For many advisors, succession planning has become a hot topic. For 70-year-old Harold Evensky, widely considered one of the grandfathers of financial planning, it's a personal one.

Financial advisors have increasingly realized that they've been subpar in planning how to pass on the reins of their business. More than two-thirds of advisors (68%) have no formal succession plan for their businesses and among those who do, the plans are vague, according to a survey released earlier this year by SEI. More than a third of advisors (39%) with a succession plan admit they’re not sure to whom they ultimately transition their businesses.

Succession planning has been on Evensky's mind for about eight years, he said at a meeting with Financial Planning editors. His priority: securing the future of Evensky & Katz, the wealth management firm he founded with his wife, Texas Tech associate professor (and Financial Planning columnist) Deena Katz. "To help with the transfer of the business, we ultimately settled on Fiduciary Network in Dallas, which provides funding for our next-generation advisors to buy into," Evensky explained, wearing his signature red bowtie as well as a new gold earring in his left ear.


Fiduciary Network made its very first investment in the firm in January 2007; it's now a limited partner in Evensky & Katz, with a 35% stake. (Evensky said the firm was valued at roughly six times EBITDA.) One key element of the relationship: loans that let the firm's “next generation” advisors buy an ownership stake in the company, encouraging them to stick around to expand the business. Fiduciary Network, meanwhile, gets to participate and profit from the firm's growth.

"Our attraction to Fiduciary Network was their focus on the long term," Evensky said. How does he define "long term"? "Forever," he replied.

Locking down a long-term plan doesn't mean Evensky is ready to hand over the keys completely. "We would have completed the transition at the end of last year, but I have no desire to be out of the business right now," he said. "I want to keep my skin in the game for a minimum of five years."


In the meantime, developing younger advisors has had another payoff as well: allowing the firm to bring on younger clients. "We need to approach Gen Y with their own," he said.

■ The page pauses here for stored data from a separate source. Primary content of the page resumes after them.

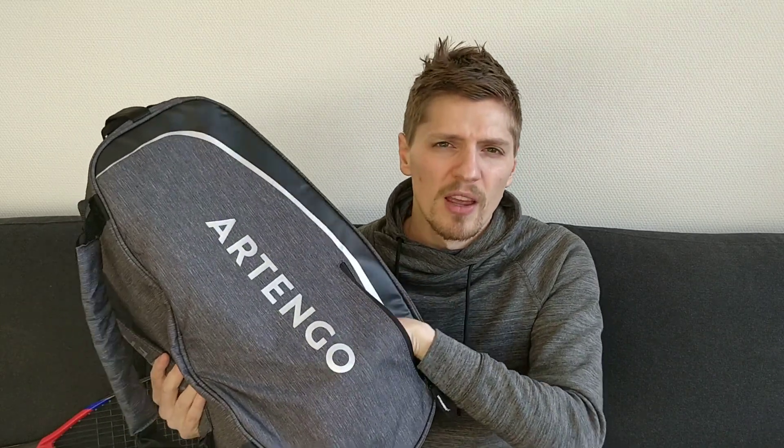Overall, this is a really good day bag. If you were looking at going away for a tournament for a whole weekend, then you might need to consider either getting a larger bag or just taking a separate backpack for your other belongings. But it can quite easily fit two to three rackets, at least two pairs of shoes and some clothes on top of that. And it does have one zip compartment on the front, so you can quite easily store your valuables — wallet, phone — in this front pocket with the zip.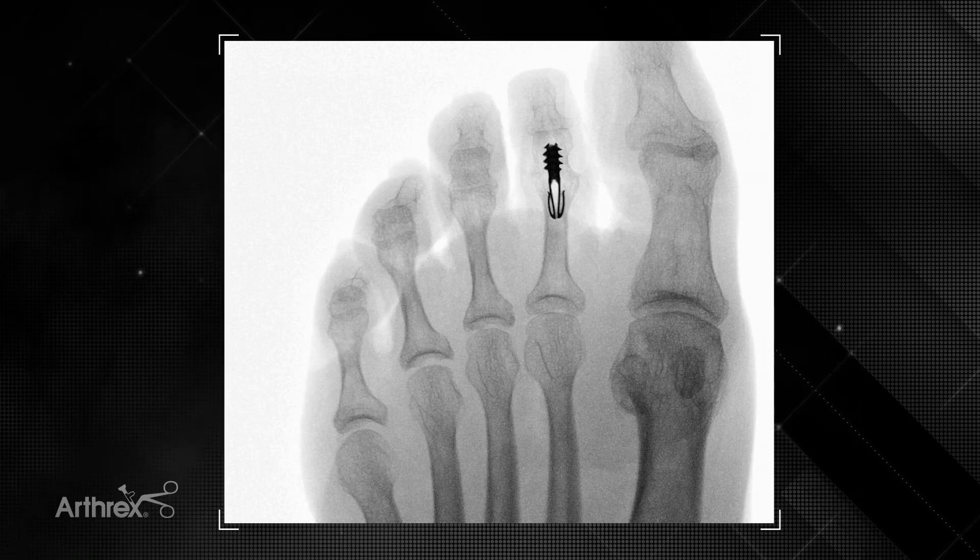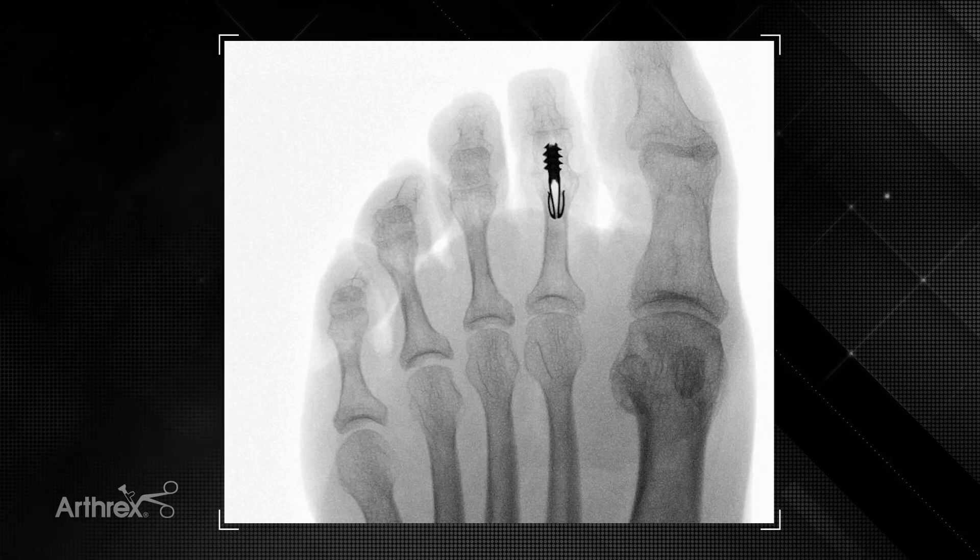We'll go ahead and allow immediate weight-bearing in a post-operative shoe, and after about four to six weeks, once I see bony consolidation across the fusion site, we'll go ahead and advance back to regular shoes as tolerated.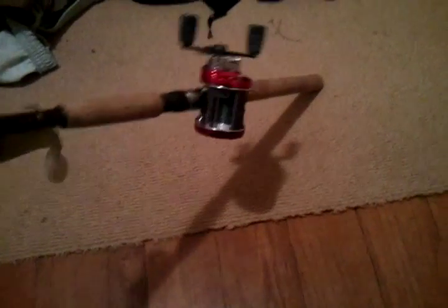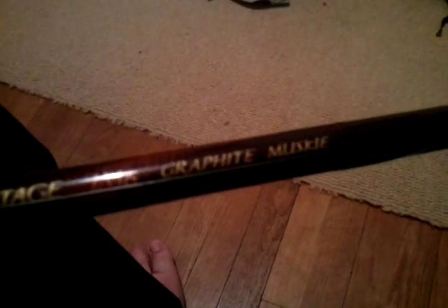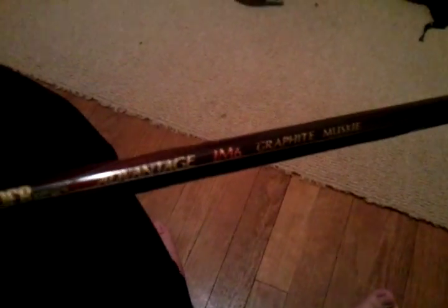What's up guys, I got myself a swim bait rod. This is a Gander Mountain advantage graphite musky rod. I bought this off Kyle — I'm trading him my Black Max and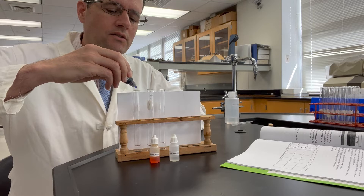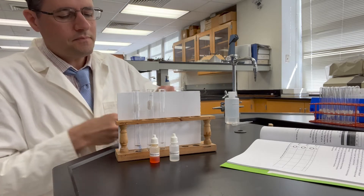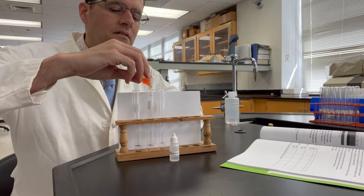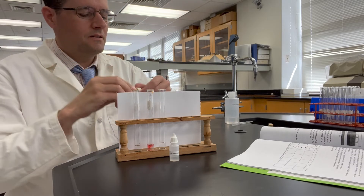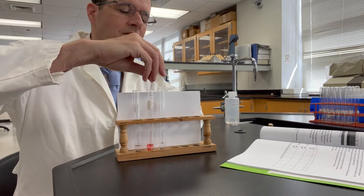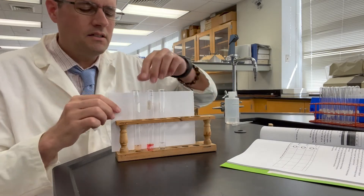We'll add just one drop to each test tube. It's not mixed yet, so give me a second. Okay, let's now look very carefully at the colors.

Evensky's son, David, who is currently on the firm's management team (and said he will continue to be once his father retires), told Financial Planning that the firm's future has been on his mind as well. "As financial planners, we need to take our own advice and use strategic planning to help maximize our business," he said. "How could we not plan for the future of our company like we counsel our small business and entrepreneur clients to do for their companies?"

Since 2008, the firm has grown 15-20% per year, he said, aided by the partnership with Fiduciary Network. "By getting outside funding, [we] enabled the succession to be financially possible for the next generation," he explained. "Proper succession helps turn founder-centric advisory firms from a practice into a business that will serve our clients for generations to come, while inherently maintaining the culture and expertise that got us here."

“I don't see my Dad retiring any time soon," he added. "He still works up to 20 hours on weekends. But when he does, I'll be ready to continue to help manage the business."